さすがの箕島でもここまでかと思われた。しかし、スクイズ失敗の次の球だった。
低め直球を硯がとらえた。打球は背走する中堅手を超え、バックスクリーン左に飛び込んだ。硯はガッツポーズを繰り返した。衝撃的な同点アーチだった。
試合後、当時の取材に尾藤監督は「スクイズ失敗でもう小細工はしまいと思った。狙い球も選手に任せた」。吉田の輿水又幸監督は「箕島は確かに粘りも実力もあるチーム。何をされるか分からず怖かった」と話した。

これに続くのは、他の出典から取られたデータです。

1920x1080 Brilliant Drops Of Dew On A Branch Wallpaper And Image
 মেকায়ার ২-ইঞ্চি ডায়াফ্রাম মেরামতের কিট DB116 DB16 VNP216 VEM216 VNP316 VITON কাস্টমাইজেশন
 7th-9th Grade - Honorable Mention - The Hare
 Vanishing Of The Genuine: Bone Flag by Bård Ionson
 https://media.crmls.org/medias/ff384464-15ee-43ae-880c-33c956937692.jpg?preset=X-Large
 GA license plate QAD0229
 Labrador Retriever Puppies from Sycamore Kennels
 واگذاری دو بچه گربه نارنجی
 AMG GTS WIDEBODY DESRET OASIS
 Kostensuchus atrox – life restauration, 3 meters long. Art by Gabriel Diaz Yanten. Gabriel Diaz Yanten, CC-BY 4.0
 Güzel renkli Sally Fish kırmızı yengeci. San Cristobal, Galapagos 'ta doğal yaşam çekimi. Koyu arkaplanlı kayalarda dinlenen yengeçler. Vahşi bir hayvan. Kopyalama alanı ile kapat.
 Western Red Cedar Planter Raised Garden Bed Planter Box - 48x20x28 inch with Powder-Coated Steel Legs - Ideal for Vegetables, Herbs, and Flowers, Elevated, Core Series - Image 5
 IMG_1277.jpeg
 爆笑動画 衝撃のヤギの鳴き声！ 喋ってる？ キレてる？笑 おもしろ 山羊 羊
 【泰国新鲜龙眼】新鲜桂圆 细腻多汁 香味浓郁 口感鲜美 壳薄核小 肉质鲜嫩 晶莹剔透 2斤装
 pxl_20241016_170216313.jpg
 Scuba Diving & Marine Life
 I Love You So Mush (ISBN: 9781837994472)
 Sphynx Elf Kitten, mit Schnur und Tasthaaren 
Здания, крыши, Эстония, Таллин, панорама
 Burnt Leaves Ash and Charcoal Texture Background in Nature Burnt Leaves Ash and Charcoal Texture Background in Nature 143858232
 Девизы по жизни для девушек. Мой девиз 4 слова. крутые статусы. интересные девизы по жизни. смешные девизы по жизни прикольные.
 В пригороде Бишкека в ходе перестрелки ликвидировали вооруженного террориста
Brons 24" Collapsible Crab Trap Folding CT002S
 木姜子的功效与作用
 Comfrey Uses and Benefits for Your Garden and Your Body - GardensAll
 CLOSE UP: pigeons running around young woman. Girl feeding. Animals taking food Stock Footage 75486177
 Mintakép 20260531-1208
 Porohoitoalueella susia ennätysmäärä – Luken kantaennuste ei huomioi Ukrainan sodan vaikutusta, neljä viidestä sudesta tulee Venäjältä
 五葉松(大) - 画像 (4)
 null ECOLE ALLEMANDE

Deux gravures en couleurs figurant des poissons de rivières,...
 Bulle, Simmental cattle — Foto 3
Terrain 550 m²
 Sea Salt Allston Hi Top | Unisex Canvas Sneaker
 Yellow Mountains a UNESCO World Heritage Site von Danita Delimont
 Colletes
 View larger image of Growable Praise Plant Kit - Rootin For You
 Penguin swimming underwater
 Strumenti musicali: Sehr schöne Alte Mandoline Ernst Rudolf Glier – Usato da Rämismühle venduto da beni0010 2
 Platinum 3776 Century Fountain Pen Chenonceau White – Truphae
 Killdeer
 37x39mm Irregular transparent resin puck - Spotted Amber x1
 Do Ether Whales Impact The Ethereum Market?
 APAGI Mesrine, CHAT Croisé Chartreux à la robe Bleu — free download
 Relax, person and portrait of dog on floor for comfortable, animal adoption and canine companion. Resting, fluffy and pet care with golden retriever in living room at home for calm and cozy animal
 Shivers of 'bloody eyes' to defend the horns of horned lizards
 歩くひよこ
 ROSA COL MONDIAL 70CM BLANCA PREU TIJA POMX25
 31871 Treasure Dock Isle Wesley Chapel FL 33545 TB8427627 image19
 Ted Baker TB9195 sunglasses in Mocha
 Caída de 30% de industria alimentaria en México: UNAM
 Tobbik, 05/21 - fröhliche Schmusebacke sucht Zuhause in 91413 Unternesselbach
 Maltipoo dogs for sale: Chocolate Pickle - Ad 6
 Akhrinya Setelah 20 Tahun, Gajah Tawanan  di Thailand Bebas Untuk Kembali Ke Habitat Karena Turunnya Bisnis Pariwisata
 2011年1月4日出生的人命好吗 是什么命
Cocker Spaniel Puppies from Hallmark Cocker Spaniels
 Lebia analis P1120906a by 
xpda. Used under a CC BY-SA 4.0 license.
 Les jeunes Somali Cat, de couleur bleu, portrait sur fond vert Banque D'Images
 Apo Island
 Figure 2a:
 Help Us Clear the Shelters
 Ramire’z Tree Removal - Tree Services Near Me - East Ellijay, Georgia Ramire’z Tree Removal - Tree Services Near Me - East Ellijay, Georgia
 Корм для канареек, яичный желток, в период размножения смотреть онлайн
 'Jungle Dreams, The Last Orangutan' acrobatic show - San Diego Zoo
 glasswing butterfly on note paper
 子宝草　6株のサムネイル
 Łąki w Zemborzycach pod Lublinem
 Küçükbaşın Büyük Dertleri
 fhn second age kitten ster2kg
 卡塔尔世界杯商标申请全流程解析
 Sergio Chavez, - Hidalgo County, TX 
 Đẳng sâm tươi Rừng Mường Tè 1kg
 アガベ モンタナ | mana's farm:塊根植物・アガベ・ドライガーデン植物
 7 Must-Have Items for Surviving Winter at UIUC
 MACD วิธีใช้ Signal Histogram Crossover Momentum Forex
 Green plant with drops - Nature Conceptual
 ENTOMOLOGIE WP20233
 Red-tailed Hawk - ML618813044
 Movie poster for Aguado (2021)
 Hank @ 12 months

当時、吉田の2年生遊撃手で、のちにプロ野球西武で活躍した田辺徳雄は「初めて経験した漫画みたいな出来事だった。甲子園は何が起きるか分からないと痛感した」と振り返った。
試合は延長戦に入り、箕島は十三回、1点を勝ち越されたが、その裏に2点を奪い、逆転サヨナラ勝ちした。
この年の箕島は3回戦で高知商に敗れ、春夏連覇した79年に続く2度目の全国制覇はならなかった。しかし、硯の土壇場での一発は「箕島は甲子園で奇跡を起こす」というイメージを与えるに十分だった。